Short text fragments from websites

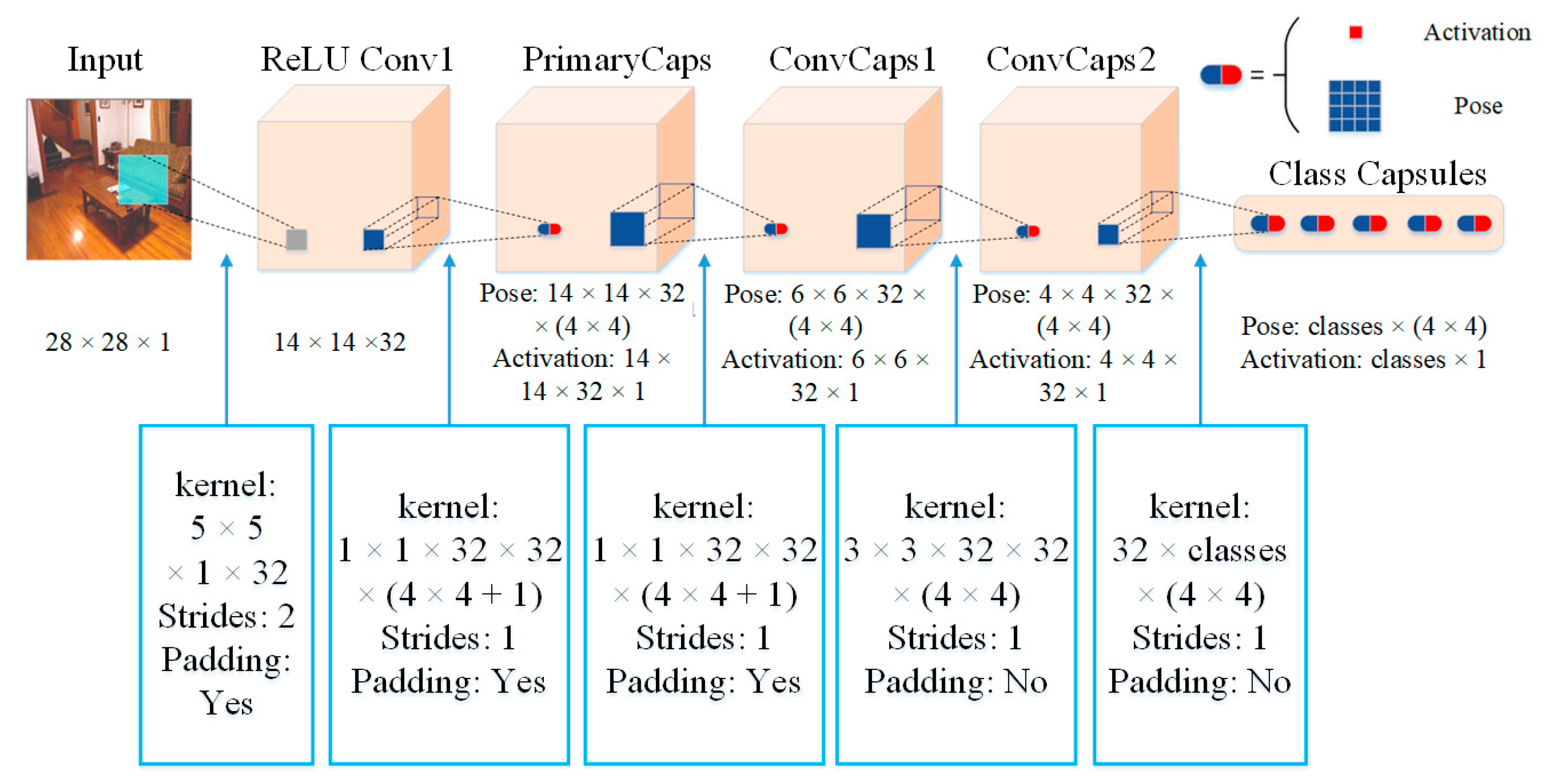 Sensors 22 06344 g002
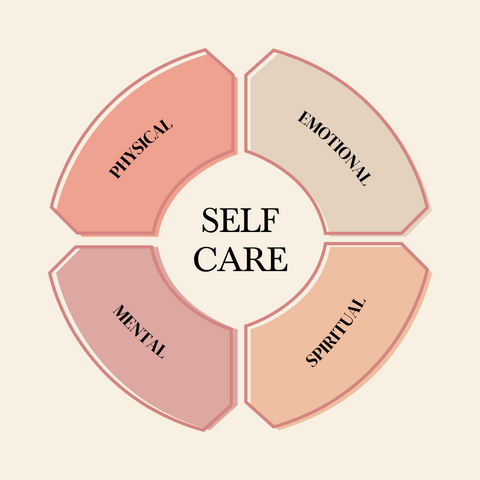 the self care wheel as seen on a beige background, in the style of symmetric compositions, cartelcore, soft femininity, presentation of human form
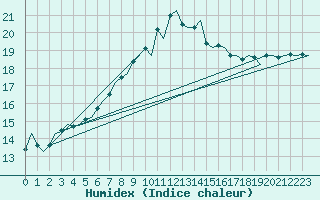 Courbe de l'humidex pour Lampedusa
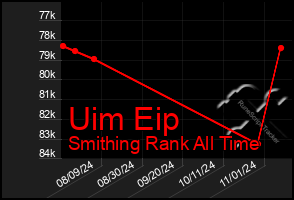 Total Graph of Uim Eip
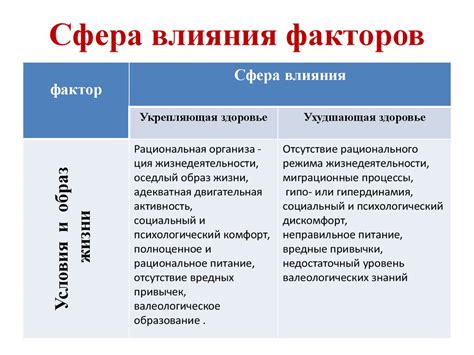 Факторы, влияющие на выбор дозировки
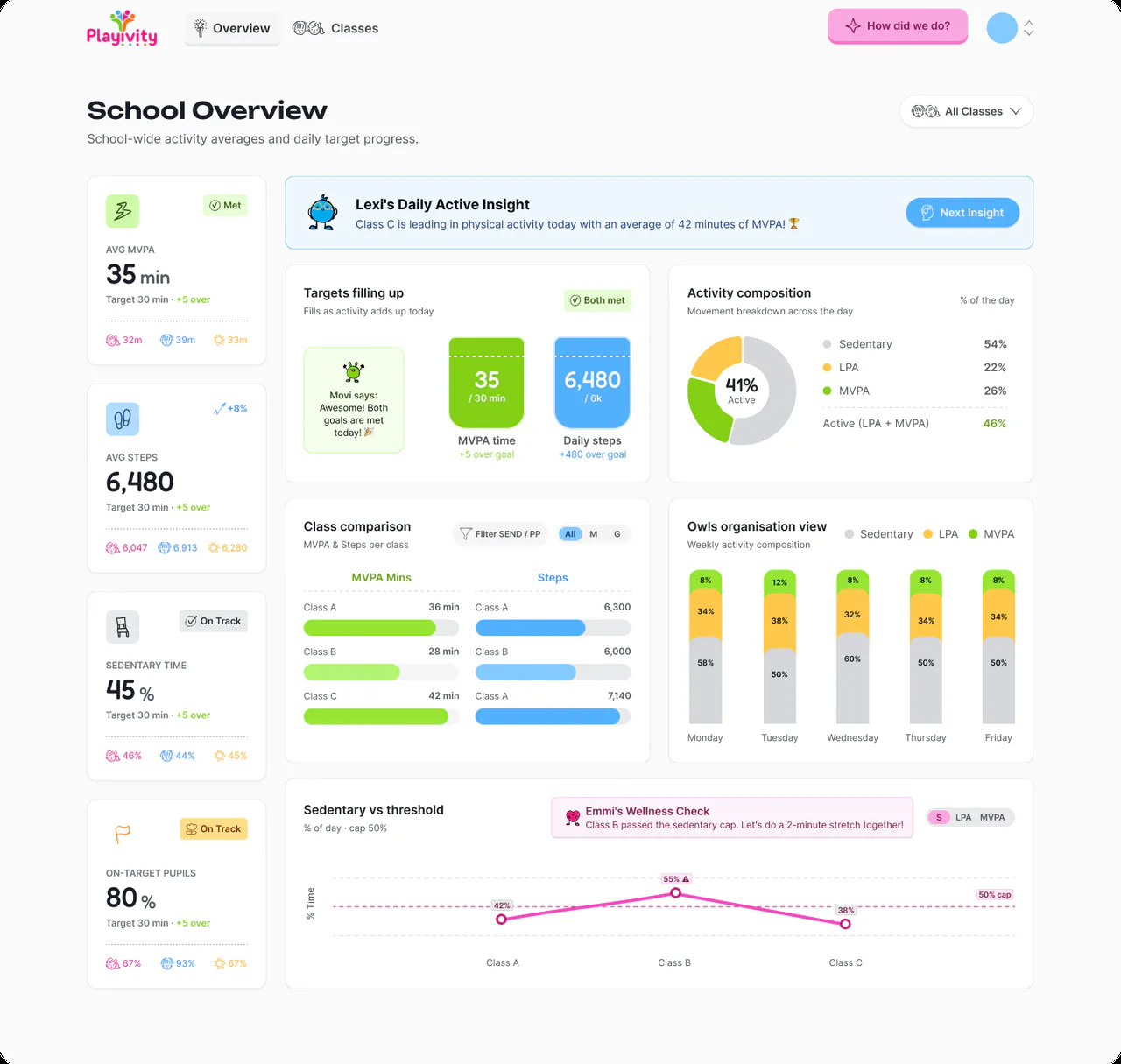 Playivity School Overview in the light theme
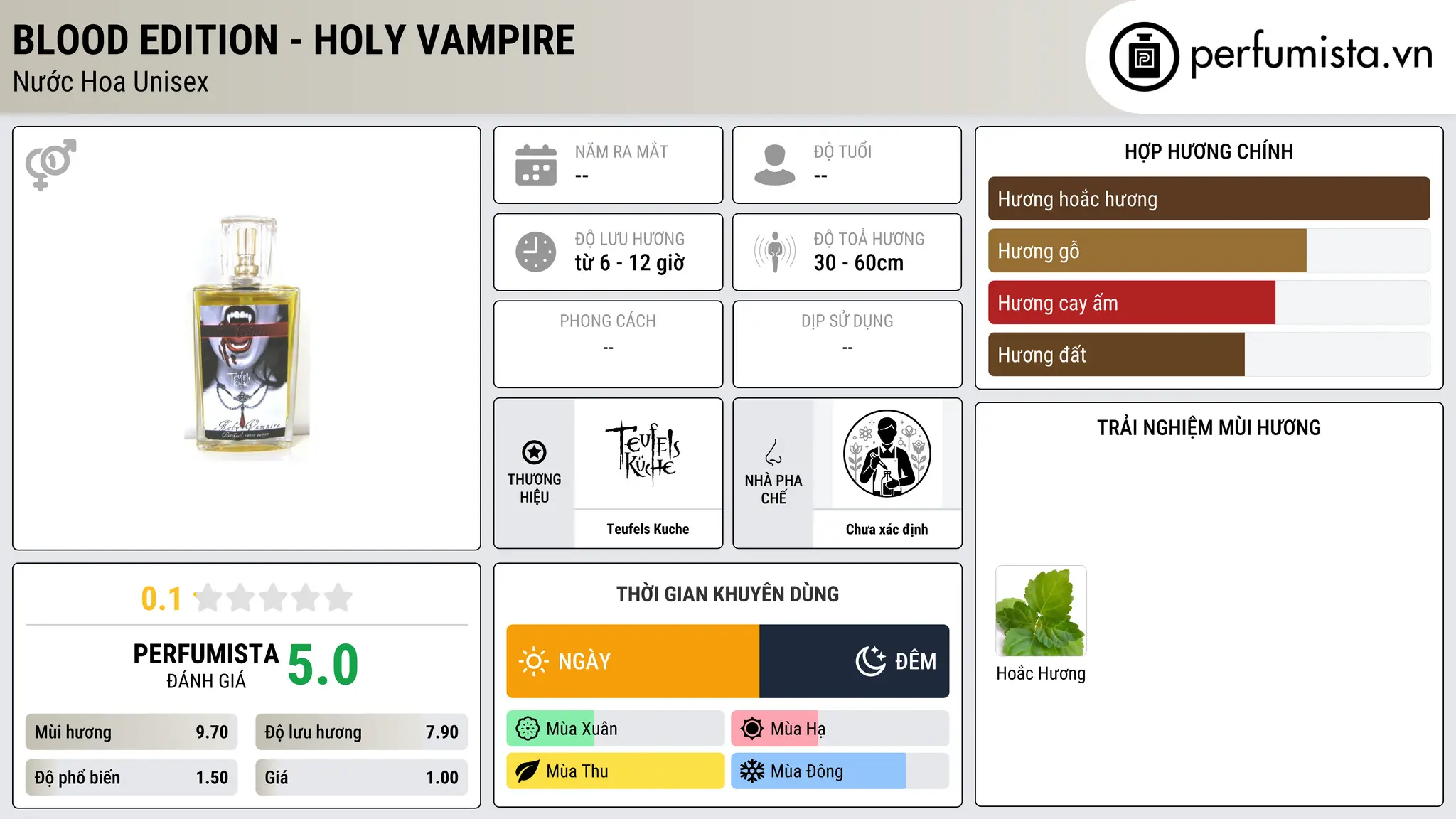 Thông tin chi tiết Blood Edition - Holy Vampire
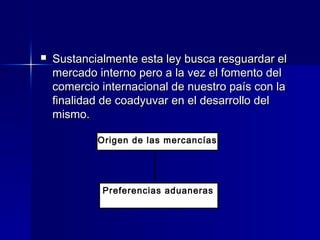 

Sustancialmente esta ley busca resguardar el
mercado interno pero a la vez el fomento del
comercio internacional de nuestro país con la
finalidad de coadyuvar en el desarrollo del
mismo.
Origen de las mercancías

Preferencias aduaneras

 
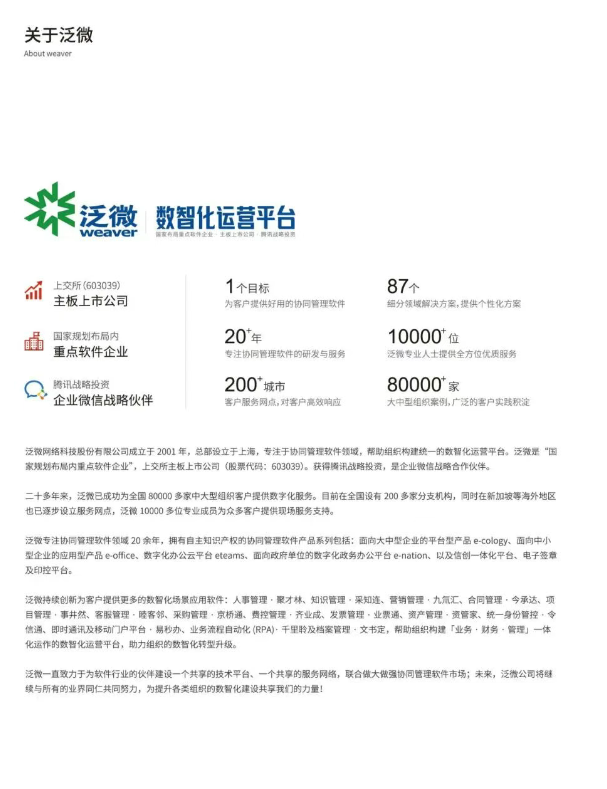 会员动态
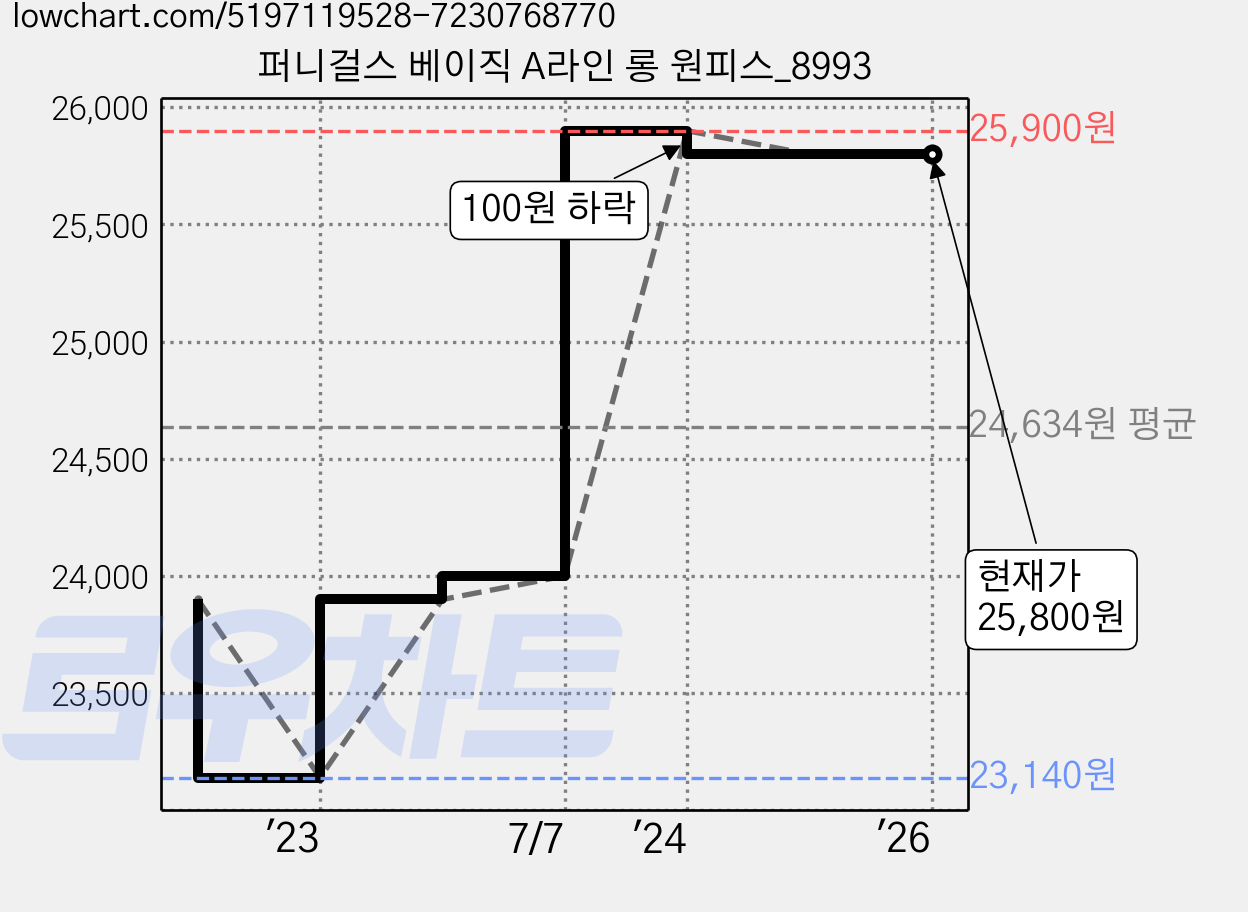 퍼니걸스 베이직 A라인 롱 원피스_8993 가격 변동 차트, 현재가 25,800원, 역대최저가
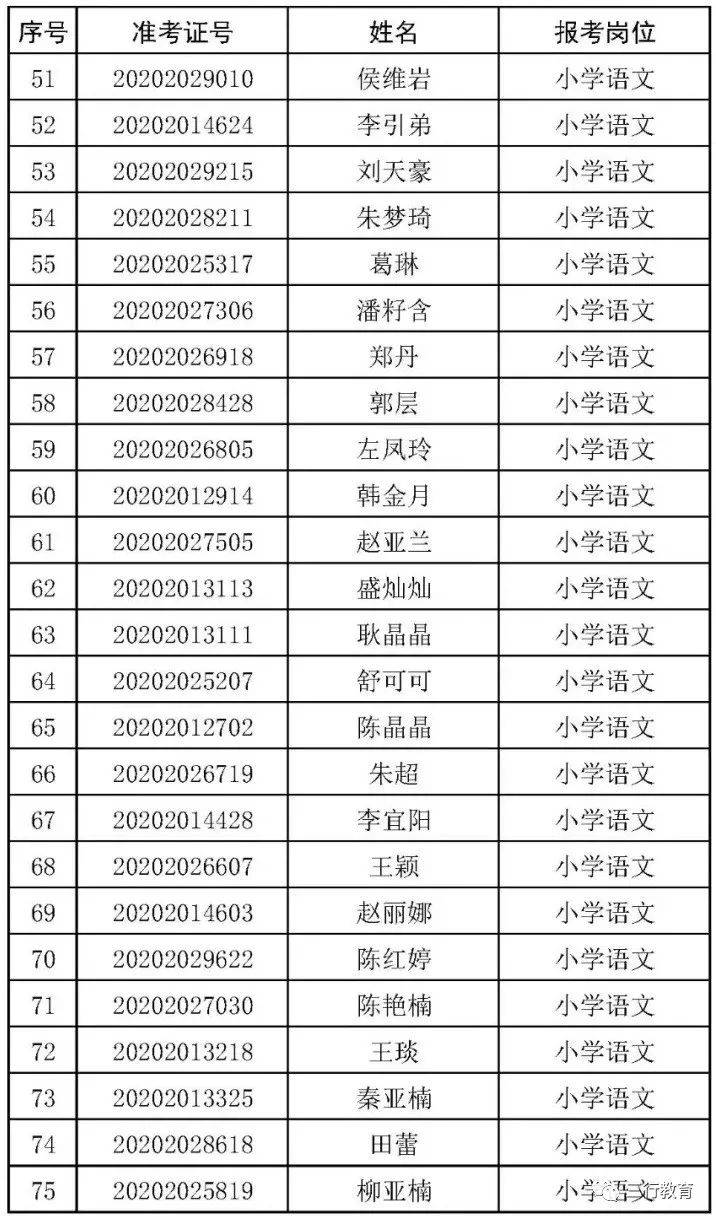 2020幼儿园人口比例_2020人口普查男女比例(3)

| Task instructions |
What you return should match the records line for line, minus the pictures.

| Exercise response |
 Sensors 22 06344 g002
 the self care wheel as seen on a beige background, in the style of symmetric compositions, cartelcore, soft femininity, presentation of human form
 Courbe de l'humidex pour Lampedusa
 Total Graph of Uim Eip
 Факторы, влияющие на выбор дозировки
 Playivity School Overview in the light theme
 Thông tin chi tiết Blood Edition - Holy Vampire
 

Sustancialmente esta ley busca resguardar el
mercado interno pero a la vez el fomento del
comercio internacional de nuestro país con la
finalidad de coadyuvar en el desarrollo del
mismo.
Origen de las mercancías

Preferencias aduaneras

 
 会员动态
 퍼니걸스 베이직 A라인 롱 원피스_8993 가격 변동 차트, 현재가 25,800원, 역대최저가
 2020幼儿园人口比例_2020人口普查男女比例(3)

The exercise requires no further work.